Publié le 24 octobre 2022 - Mis à jour le 25 octobre 2022

Dans le contexte d’invasion de l’Ukraine, la Commission européenne a présenté en mai 2022 un plan pour se dégager de la dépendance au gaz russe. Ce plan, nommé REPowerEU, vise entre autres à développer la filière hydrogène à un rythme inouï. Une bataille se joue actuellement à Bruxelles autour du rôle du nucléaire pour la production d’un hydrogène bas carbone, à date exclu du dispositif de financement.

REPowerEU est le plan de l’Union européenne présenté en mai 2022, au début de l’invasion de l’Ukraine, afin de se dégager de la dépendance au gaz fossile russe pour son approvisionnement énergétique. La Commission a fixé l’objectif de développer dix millions de tonnes d’hydrogène renouvelable et d’importer la même quantité d’ici 2030. A priori, le nucléaire, bien que bas carbone, en est exclu, que ce soit pour produire l’hydrogène ou pour bénéficier de subventions pour les investissements nécessaires à la prolongation de l’exploitation des réacteurs. Mais l’actualité européenne récente pourrait faire bouger les choses.

En effet, les membres du parlement du comité de l’industrie ont voté, le 13 octobre dernier, en faveur d’un amendement visant à inclure le nucléaire parmi les projets éligibles au plan de financement. Concrètement, l’amendement permettrait aux États membres de demander des prêts pour l’extension de la durée de vie des centrales nucléaires « tant que la sécurité énergétique de l’Union n’est pas rétablie »[1]. D’autre part, il prône pour un traitement indifférencié de l’hydrogène bas carbone, qu’il provienne d’une production nucléaire ou renouvelable.

Oppositions au nucléaire

Quelques jours plus tôt, le 10 octobre, dans une lettre à l’adresse de la Commission, 19 députés européens issus de tous les horizons politiques ont demandé à y inclure l’hydrogène à faible teneur en carbone dans les objectifs de production d’hydrogène décarboné et de promouvoir la production nationale plutôt que les importations.

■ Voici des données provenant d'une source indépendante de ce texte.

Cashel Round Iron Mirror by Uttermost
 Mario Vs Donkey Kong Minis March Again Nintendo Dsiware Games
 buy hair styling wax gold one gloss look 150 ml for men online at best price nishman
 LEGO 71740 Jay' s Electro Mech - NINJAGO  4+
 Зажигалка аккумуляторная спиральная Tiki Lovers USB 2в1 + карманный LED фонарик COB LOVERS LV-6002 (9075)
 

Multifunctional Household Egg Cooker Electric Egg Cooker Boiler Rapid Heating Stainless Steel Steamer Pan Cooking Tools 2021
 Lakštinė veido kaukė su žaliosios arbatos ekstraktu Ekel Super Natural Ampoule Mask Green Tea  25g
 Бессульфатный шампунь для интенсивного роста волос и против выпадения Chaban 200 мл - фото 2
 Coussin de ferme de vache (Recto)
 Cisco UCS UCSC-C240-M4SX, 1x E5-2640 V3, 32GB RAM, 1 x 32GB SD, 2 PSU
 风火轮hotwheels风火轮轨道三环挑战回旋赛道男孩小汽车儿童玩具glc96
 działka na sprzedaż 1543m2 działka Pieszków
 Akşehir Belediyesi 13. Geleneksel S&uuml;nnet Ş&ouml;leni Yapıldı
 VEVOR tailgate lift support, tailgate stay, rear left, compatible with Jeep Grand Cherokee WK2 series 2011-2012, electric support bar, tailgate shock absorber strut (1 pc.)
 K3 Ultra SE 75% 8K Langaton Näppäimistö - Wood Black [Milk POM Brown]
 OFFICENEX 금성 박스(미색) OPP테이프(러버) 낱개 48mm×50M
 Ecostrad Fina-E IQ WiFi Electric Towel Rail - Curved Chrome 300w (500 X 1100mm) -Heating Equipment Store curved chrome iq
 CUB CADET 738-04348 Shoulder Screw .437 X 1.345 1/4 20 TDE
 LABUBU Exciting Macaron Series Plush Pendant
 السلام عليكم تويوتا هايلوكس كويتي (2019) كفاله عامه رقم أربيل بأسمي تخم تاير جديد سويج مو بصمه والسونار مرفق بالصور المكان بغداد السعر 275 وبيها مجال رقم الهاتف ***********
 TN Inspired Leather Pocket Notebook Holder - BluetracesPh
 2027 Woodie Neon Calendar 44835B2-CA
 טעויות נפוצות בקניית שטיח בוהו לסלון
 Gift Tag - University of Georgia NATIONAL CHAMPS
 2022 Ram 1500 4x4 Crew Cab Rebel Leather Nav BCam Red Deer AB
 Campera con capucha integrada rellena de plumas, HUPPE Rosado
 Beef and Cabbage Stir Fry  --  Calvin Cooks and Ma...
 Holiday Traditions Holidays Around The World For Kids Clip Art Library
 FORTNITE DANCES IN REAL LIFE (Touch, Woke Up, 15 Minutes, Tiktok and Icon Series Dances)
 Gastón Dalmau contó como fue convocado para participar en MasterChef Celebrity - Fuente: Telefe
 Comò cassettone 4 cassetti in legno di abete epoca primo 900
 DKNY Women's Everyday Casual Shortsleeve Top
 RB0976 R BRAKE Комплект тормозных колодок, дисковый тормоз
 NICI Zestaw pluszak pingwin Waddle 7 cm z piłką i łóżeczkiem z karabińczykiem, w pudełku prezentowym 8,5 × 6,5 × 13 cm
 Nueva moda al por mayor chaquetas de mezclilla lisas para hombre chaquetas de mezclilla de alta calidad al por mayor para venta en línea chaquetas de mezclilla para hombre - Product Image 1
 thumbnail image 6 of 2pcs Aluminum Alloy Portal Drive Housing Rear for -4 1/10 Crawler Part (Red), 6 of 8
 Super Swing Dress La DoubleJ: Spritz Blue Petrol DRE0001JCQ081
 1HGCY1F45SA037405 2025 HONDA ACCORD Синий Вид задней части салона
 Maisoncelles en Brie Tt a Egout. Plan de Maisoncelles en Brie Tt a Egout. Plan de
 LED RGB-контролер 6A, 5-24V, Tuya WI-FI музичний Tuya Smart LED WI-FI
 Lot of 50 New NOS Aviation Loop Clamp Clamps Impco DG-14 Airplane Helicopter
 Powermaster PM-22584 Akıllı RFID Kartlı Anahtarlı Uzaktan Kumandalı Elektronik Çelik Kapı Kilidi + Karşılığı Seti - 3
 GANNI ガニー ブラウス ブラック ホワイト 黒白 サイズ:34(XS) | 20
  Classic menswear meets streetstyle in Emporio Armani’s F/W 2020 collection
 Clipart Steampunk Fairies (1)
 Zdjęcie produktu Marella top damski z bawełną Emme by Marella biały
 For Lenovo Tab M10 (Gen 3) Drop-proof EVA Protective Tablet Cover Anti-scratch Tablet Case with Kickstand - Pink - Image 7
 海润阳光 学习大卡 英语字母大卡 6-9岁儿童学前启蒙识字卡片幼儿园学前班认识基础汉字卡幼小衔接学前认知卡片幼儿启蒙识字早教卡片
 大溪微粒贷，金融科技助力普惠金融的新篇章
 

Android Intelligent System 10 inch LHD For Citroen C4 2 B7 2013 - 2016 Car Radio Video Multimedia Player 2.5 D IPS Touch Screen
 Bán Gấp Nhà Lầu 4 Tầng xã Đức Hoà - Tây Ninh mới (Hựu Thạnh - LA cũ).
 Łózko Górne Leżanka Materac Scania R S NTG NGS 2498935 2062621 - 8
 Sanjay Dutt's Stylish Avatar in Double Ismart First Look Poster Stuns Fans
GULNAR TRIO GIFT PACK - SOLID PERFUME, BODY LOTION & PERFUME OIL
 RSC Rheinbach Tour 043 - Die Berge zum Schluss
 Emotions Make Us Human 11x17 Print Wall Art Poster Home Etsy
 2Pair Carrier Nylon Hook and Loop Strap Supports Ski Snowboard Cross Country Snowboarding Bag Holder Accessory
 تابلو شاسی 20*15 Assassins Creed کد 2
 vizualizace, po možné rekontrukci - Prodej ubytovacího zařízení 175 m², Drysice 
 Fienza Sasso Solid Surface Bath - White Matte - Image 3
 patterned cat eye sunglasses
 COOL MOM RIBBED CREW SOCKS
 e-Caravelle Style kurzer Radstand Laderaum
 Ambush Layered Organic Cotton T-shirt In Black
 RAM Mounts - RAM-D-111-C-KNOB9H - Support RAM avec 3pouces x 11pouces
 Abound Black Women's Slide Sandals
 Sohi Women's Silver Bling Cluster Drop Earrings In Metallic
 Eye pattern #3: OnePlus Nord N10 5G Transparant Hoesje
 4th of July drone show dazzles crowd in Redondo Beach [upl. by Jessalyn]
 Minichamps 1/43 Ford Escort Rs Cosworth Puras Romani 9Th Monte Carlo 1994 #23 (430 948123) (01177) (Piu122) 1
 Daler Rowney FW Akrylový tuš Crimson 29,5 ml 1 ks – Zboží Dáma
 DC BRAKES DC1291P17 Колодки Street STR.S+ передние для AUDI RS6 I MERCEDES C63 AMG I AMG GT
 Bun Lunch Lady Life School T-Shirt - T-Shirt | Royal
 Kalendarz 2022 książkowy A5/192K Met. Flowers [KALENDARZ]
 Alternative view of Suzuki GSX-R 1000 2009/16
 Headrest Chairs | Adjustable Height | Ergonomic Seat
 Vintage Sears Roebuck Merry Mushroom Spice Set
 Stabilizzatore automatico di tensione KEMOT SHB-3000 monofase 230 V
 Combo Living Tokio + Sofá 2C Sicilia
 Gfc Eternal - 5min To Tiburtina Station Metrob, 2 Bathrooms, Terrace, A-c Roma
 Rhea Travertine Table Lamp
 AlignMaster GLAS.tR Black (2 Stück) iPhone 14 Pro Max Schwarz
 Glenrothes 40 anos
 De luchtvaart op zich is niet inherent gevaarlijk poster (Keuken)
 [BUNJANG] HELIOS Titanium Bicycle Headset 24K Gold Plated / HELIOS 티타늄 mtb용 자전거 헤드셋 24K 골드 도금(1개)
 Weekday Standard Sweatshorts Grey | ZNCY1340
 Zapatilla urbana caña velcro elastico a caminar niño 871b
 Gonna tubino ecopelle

Il appartient maintenant aux instances européennes (Conseil, Parlement, Commission) de discuter pour se mettre d’accord sur une version finale du document « dans les plus brefs délais ». Toutefois, les discussions pourraient s’avérer extrêmement tendues et fastidieuses puisque, la même semaine, l’Autriche, comme elle l’avait promis, a déposé une plainte auprès de la Cour de Justice européenne contre le texte de la taxonomie qui inclut le nucléaire au titre d’énergie de transition. La Taxonomie est un classement des activités vertes en Europe pour la raison que le nucléaire y est inclus.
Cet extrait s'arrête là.